As organisations shift towards a more distributed cloud-based model of IT, they don’t always have visibility to the underlying infrastructure supporting their business applications. To avoid outages, performance, and reliability issues, systems must be scalable to several times the anticipated load and be fully redundant.

A sound strategy is to ensure your applications are hosted on secure and reliable cloud servers with robust capabilities to manage rapid growth. Find a vendor that provides flexible, scalable infrastructure with uptime guarantees.

3. Survivability

Given how dependent 21st century organisations are on digital systems, ensuring systems are up and running soon after a natural or man-made disaster is critical to an organisation’s ability to survive and recover.

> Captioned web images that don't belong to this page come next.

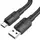 Кабель HOCO Type-C Solid charging data cable X84 |1M, 3A|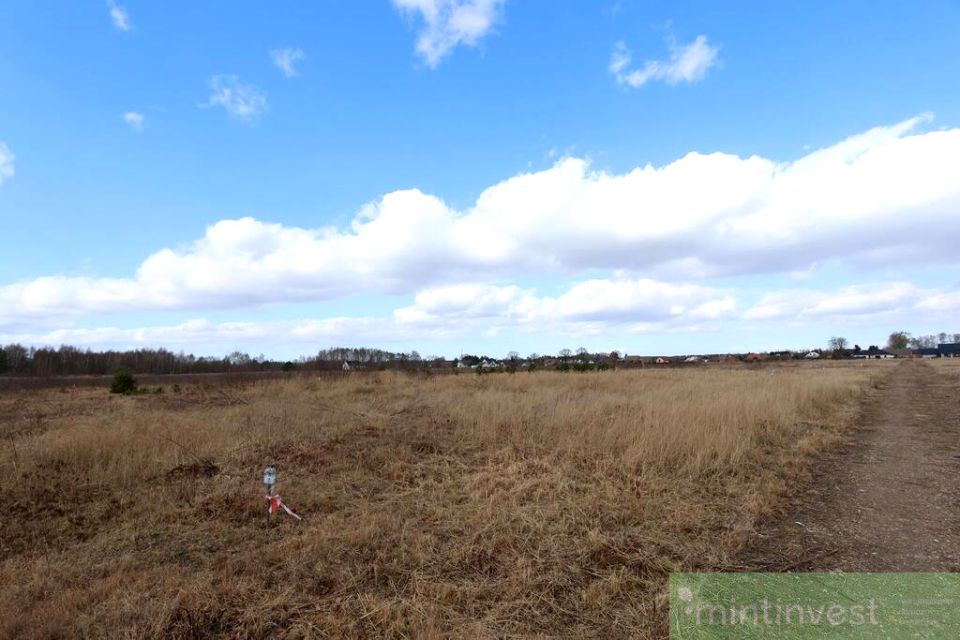 Działka budowlana Białuń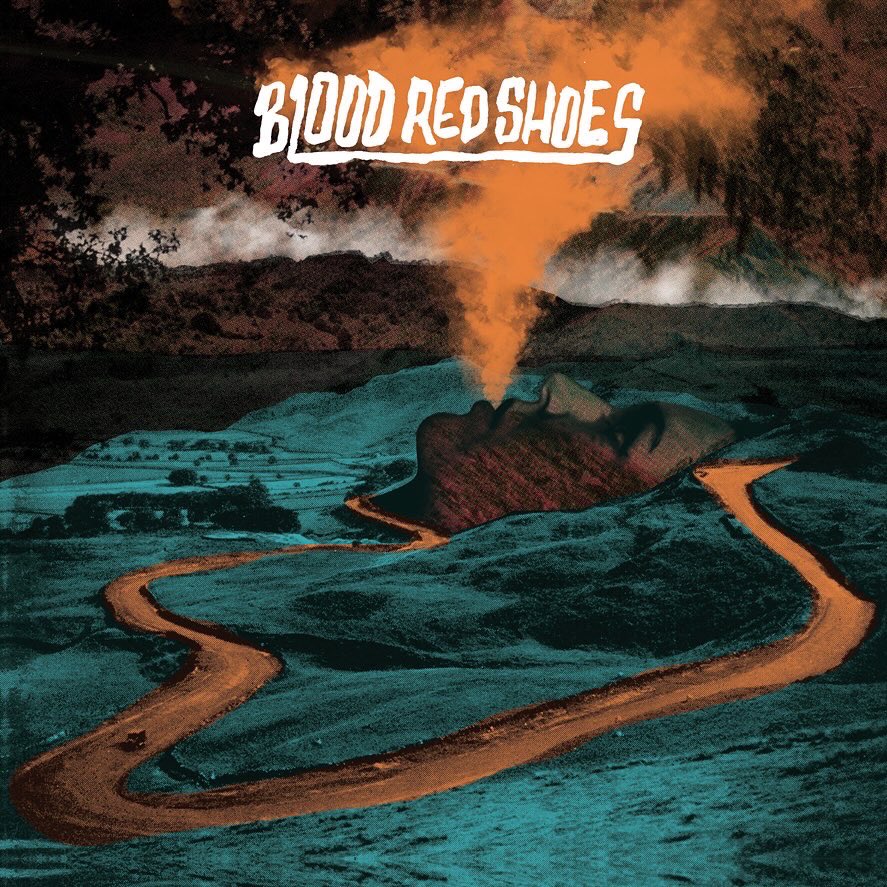 Blood Red Shoes tweet media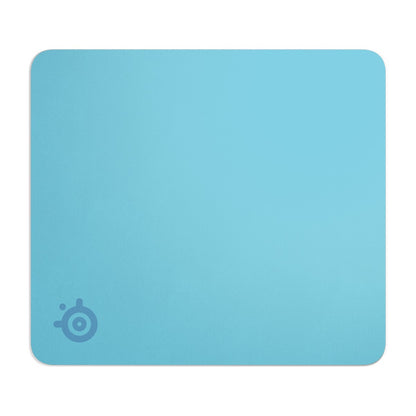פד גיימינג לעכבר SteelSeries QcK – L – 450x400x2mm / אקווה - תכלת – תמונה 10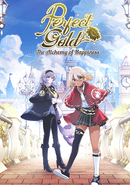 Perfect Gold: The Alchemy of Happiness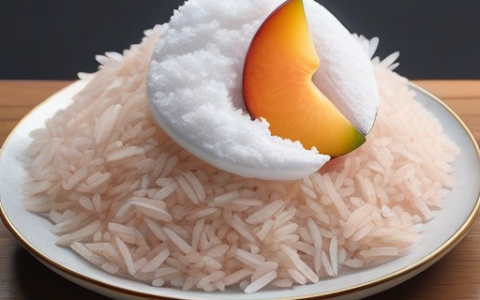 桃胶米雪燕功效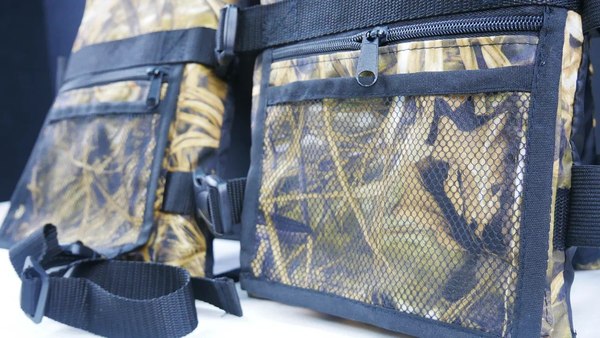 Изображение товара Спасательный жилет СИБТЕРМО ЖС-03.К.90-110 (XXL)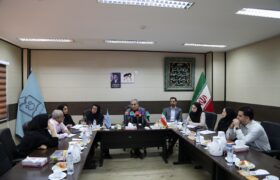 تشریح عملکرد معاونت غذا و دارو در نشست با چند خبرنگار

Identifying vulnerabilities and securing critical systems and processes beforehand assures survivability. If disaster does strike, it’s imperative that there are procedures in place to get critical systems up and running right away. For example, what would happen if an administrator accidentally deleted your database or your server was damaged in a fire? Confirm your applications are hosted on a fully redundant server that replicates your data to a slave server located at least 500 miles away. This allows you to recover to the state of the system immediately before the error.

4. Compliance

The quickening pace of commerce in the Information Age has generated all kinds of risks, which regulatory agencies have been working overtime to guard against. Whether its Sarbanes-Oxley to safeguard against financial shenanigans or GDPR to protect consumer data, the result for businesses is a plethora of regulatory requirements, which inevitably require IT systems to administer. As regulations multiply, so do the chances of a compliance failure, which can cause enterprise-threatening damage from big fines to lawsuits and even criminal prosecutions. 

Just as damaging are failures in governance, where there are no systems in place to keep track of and enforce a company’s own internal policies. A perfect example of this is the public embarrassment Facebook had to deal with during the Cambridge Analytica scandal.

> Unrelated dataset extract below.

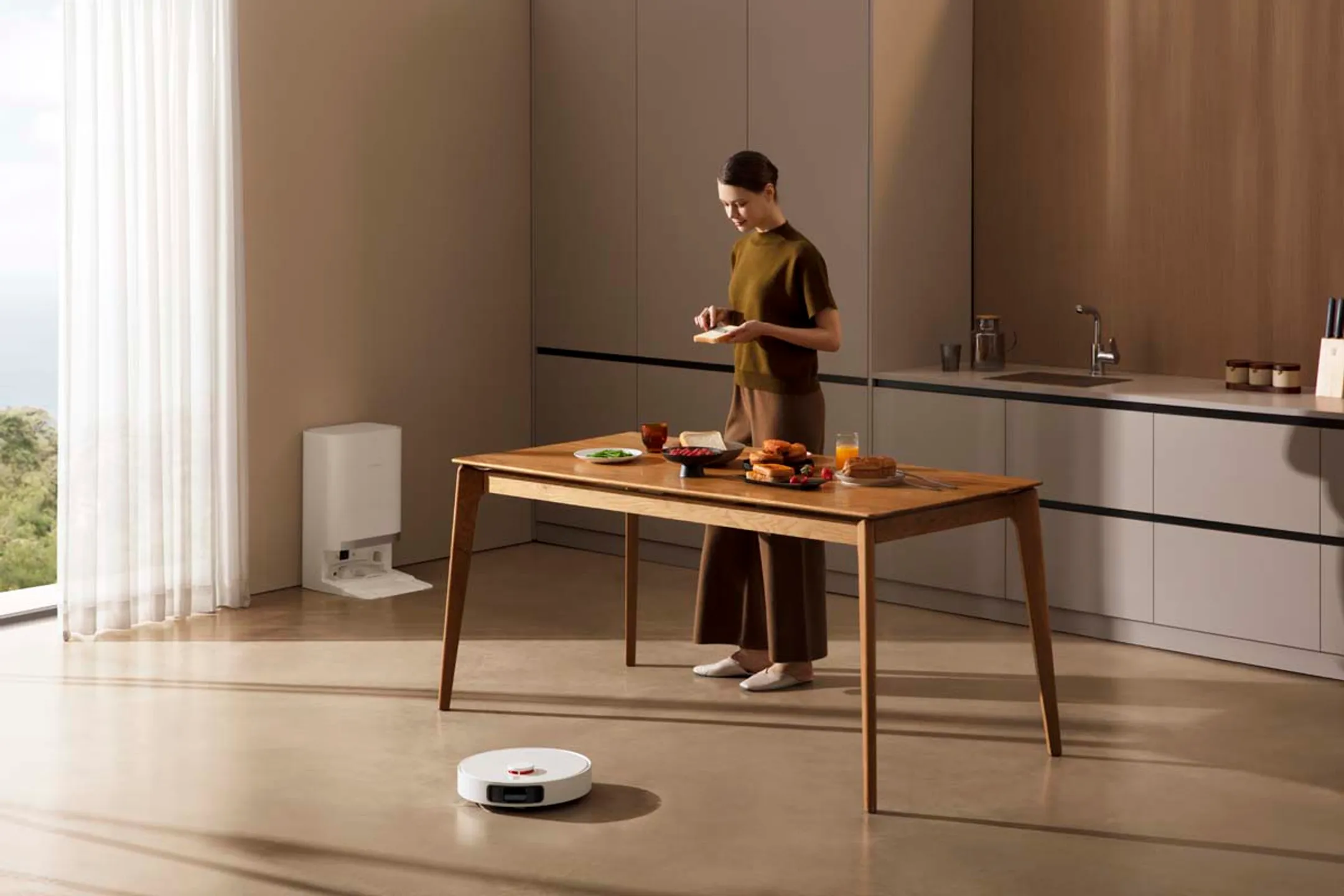 Xiaomi Robotstofzuiger 2in1 X20+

Managing governance and compliance manually is impossible as a practical matter. IT must build automated compliance auditing and monitoring into business processes to mitigate regulatory and compliance risks.

5. Implementation

The Standish Group’s “Chaos Report” asserts that only 29 per cent of IT projects succeed while 19 per cent are considered utter failures. Even more alarming is a McKinsey Insights report that 17 per cent of large IT projects are executed so poorly that they threaten the very existence of the company. There are countless examples of such failures. Mckinsey’s report surveyed 5,400 IT projects which totalled $66 billion in cost overruns. The Healthcare.gov fiasco almost sunk the Affordable Care Act before it got off the ground. The enrolment portal cost $1.7 billion to build vs. an initial budget of less than $100 million. For the first few weeks after launch, users could not even sign up.

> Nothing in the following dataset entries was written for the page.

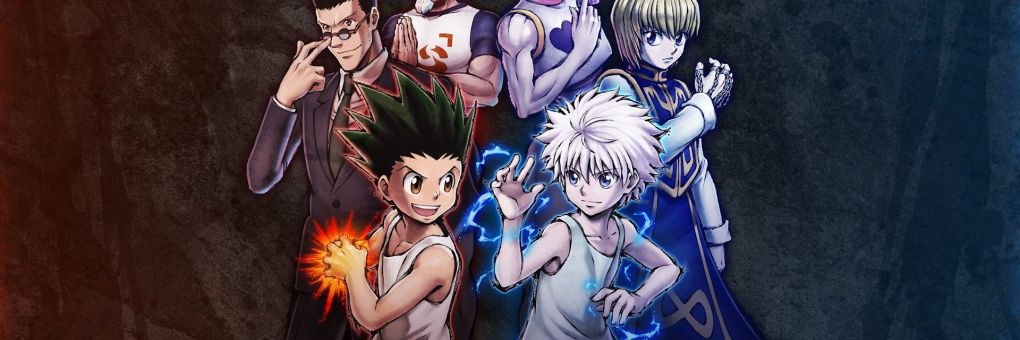 [Teszt] Hunter x Hunter: Nen Impact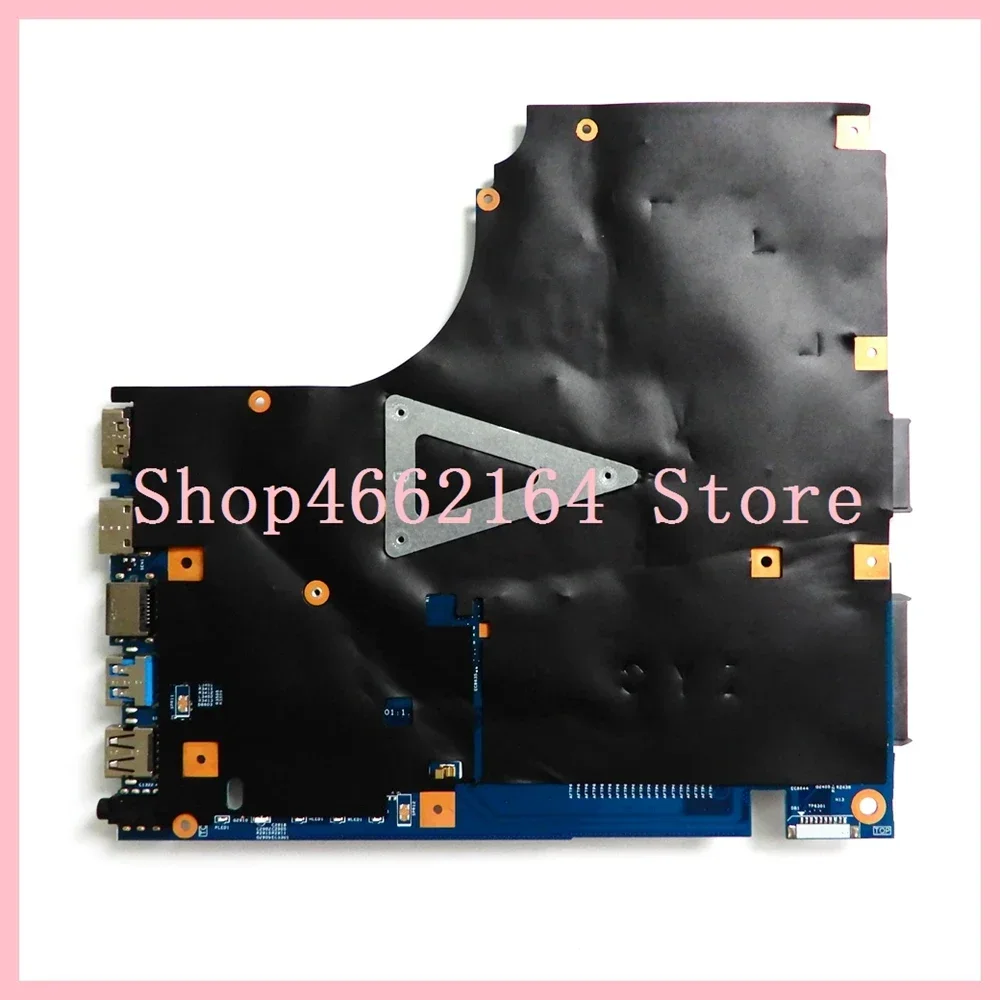 Imagem -02 - com i5 I74th Gen Cpu Gt840m-v2g Gpu Mainboard para Asus X450j X450jn Sv41jn X450 A450j A450jn Laptop Placa-mãe Teste ok X450jn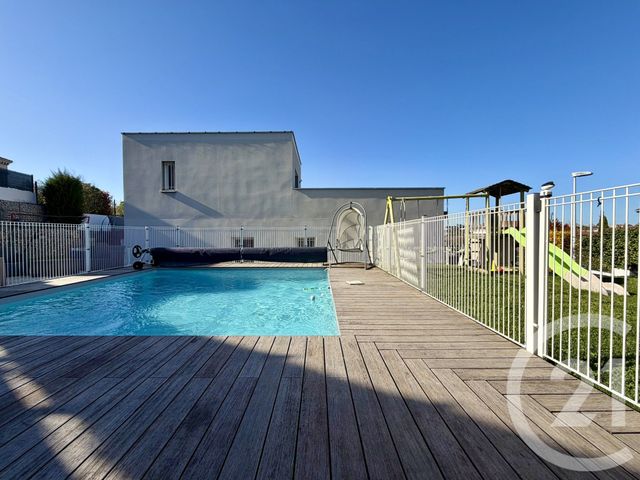 Maison &agrave; vendre - 7 pi&egrave;ces - 147 m2 - Valence - 26 - RHONE-ALPES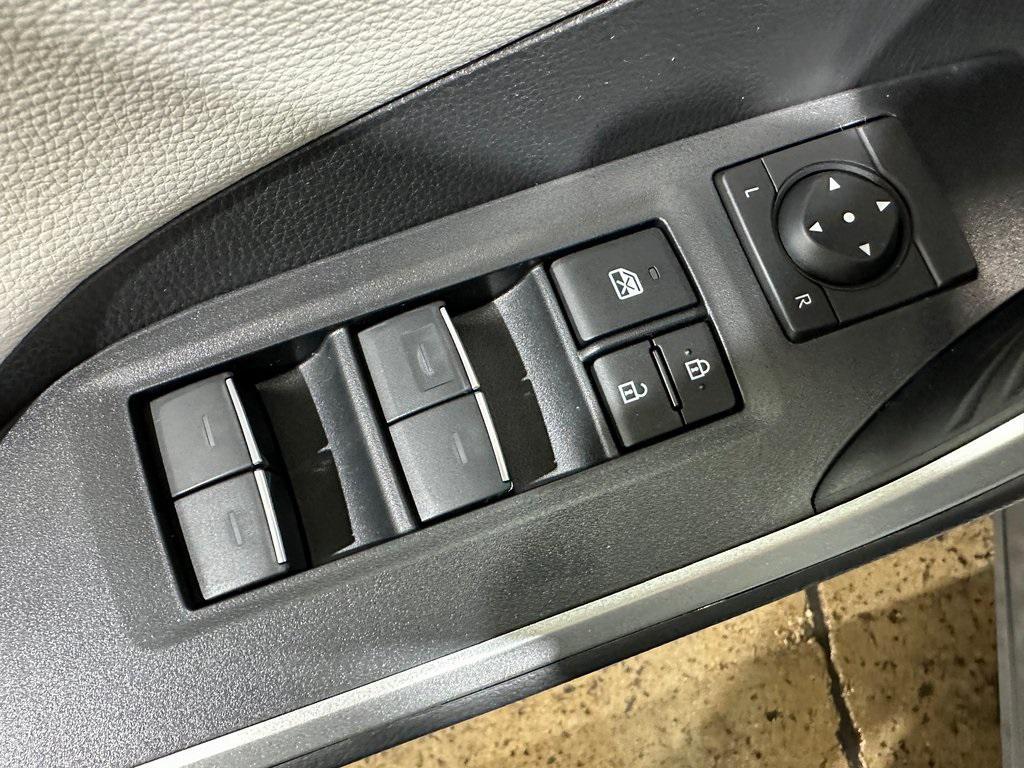 new 2025 Toyota RAV4 car, priced at $41,229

So how do you ensure a successful implementation? While it may not be possible to nail down every detail of a large deployment in advance, it is possible to structure a solid implementation plan with development and deployment milestones that assign responsibility and uncover obstacles well in advance of the point of no return.

Look for a software provider that creates a detailed implementation plan that holds the implementation team on both the customer and its own sides accountable for maintaining budget and schedule discipline. By using a provider with history of success and an unconditional satisfaction guarantee on both software and services, enterprises can avoid implementation risks.

With today’s advancing business technology, IT risk management becomes increasingly important to protect sensitive information, identify threats, and keep critical systems running. Business technology regularly exposes your business to risks that could threaten its reputation, financial position, and overall survival. Fortunately, today’s leading technology can greatly reduce and defend against the risks to operations for enterprises.